### WORK REQUIRED:
Please give the whole listing again exactly, without any of its pictures.

### DATA SECTION:

····················

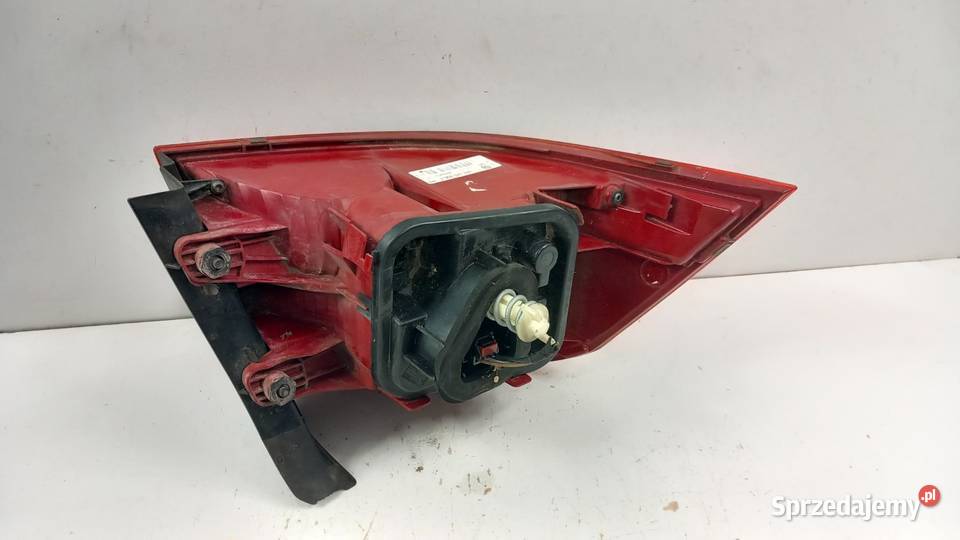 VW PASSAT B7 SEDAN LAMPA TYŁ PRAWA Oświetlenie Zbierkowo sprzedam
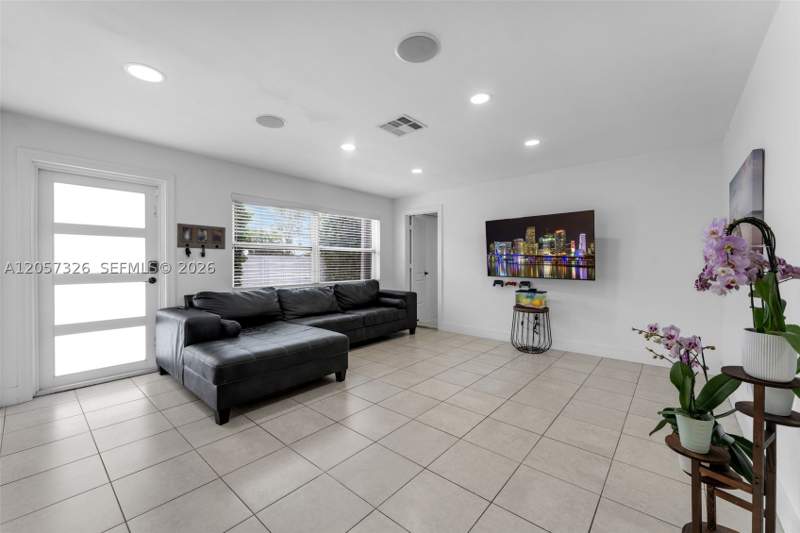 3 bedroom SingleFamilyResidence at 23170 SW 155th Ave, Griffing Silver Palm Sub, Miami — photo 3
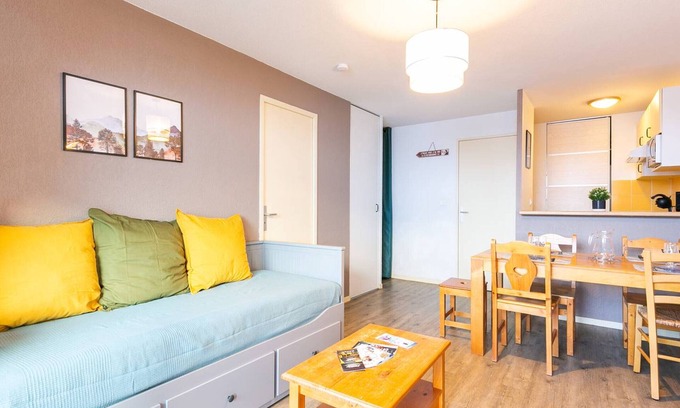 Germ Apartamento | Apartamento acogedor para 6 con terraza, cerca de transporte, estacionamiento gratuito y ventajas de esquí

····················

### ANSWER:
 VW PASSAT B7 SEDAN LAMPA TYŁ PRAWA Oświetlenie Zbierkowo sprzedam
 3 bedroom SingleFamilyResidence at 23170 SW 155th Ave, Griffing Silver Palm Sub, Miami — photo 3
 Germ Apartamento | Apartamento acogedor para 6 con terraza, cerca de transporte, estacionamiento gratuito y ventajas de esquí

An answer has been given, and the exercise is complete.